Real-world exposure and ecosystem support critical for young founders balancing startups and studies, as Sharjah festival aims to bridge gap.
Juggling lecture halls and boardrooms, student entrepreneurs are launching ventures earlier than ever. However, the biggest challenges they face are not academic, but personal: a crisis of confidence and the relentless clock.
According to Sara Al Nuaimi, CEO of the Sharjah Entrepreneurship Centre (Sheraa), mastering these soft skills is more critical than the perceived choice between education and enterprise.
“Student founders are entering entrepreneurship earlier than ever, often while still navigating their academic journeys,” Al Nuaimi told Khaleej Times. “The core challenge isn’t the ‘what,’ but the ‘how’—developing the resilience and discipline to grow.”
Al Nuaimi pinpointed three interconnected barriers: a lack of practical experience, poor time management, and, most fundamentally, insufficient early exposure to the realities of business.
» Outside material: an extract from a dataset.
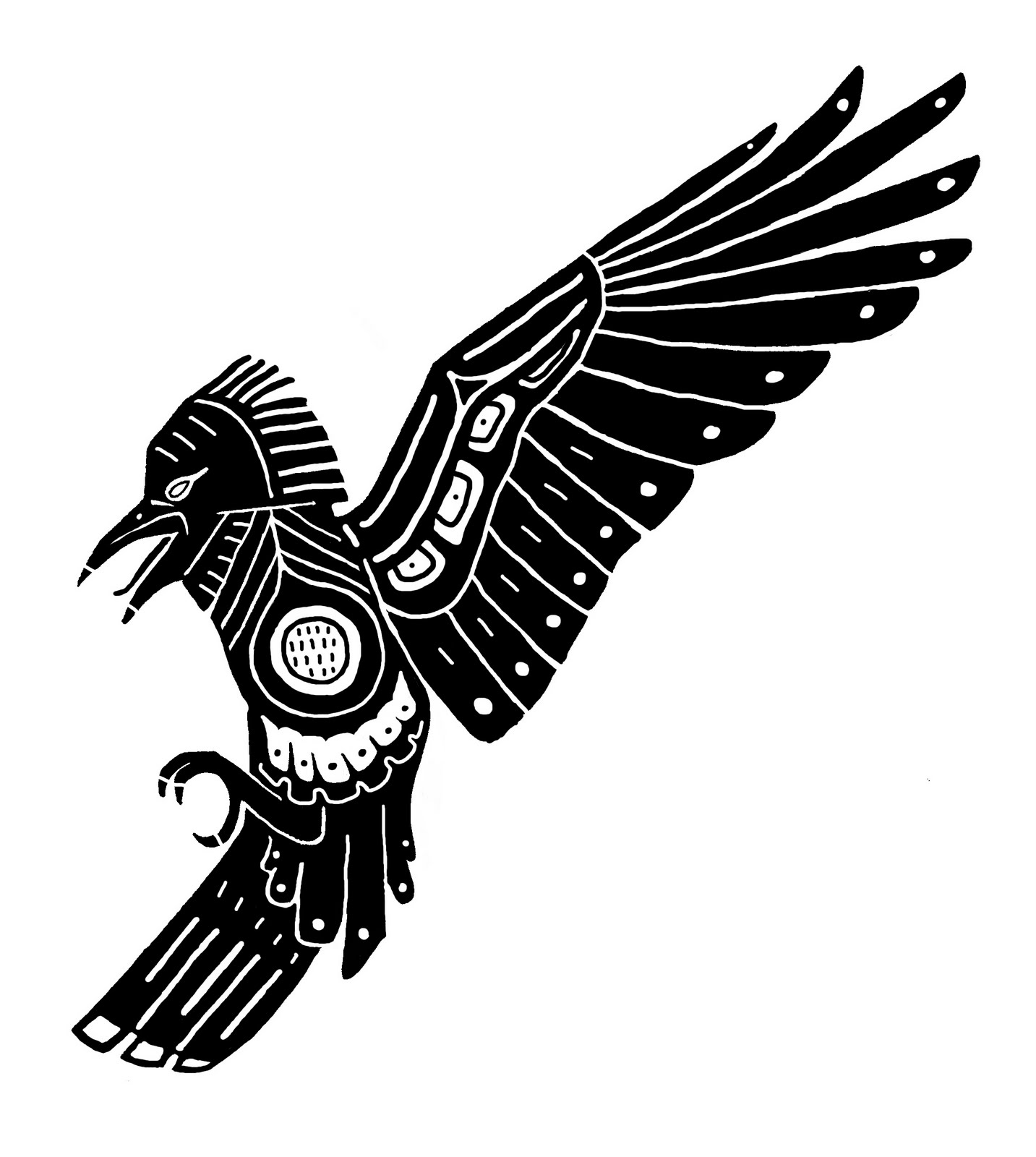 Aztec Black Ink Raven Tattoo Design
“Exposure to real founders, real decisions, and real pathways beyond the classroom is defining,” she emphasized. This firsthand insight helps reframe the inherent uncertainty of startups from a paralyzing barrier into a necessary part of the learning curve, directly combatting the confidence gap.
To provide this vital exposure, platforms like the upcoming Sharjah Entrepreneurship Festival serve as a key avenue. The event gathers investors, seasoned entrepreneurs, and corporate executives, offering students a foundational bridge from theory to practice.
Highlighting the success of structured support, Al Nuaimi cited Eshara, an AI-powered Arabic sign language platform founded by students. Through Sheraa’s incubation program, the team transformed an academic concept into a tested product addressing communication barriers for the hearing-impaired.
“It’s about moving ideas beyond the classroom and into real-world testing,” Al Nuaimi stated.
As a government-backed incubator, Sheraa has supported over 180 startups—more than half led by women—and helped its portfolio generate over $248 million in revenue. The centre’s work underscores a growing ecosystem designed to ensure student entrepreneurs don’t have to choose between their education and their ambition, but can successfully pursue both.